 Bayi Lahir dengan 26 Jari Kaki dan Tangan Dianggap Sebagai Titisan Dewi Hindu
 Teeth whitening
....
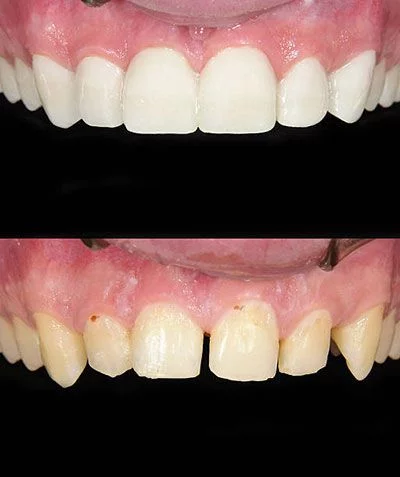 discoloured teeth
....
- _PROBLEM TO WORK ON_:
Quote the listing above, but only from the line that shows "Bayi Lahir dengan" through the line that shows "Teeth whitening".

- _ANSWER BOX_:
 Bayi Lahir dengan 26 Jari Kaki dan Tangan Dianggap Sebagai Titisan Dewi Hindu
 Teeth whitening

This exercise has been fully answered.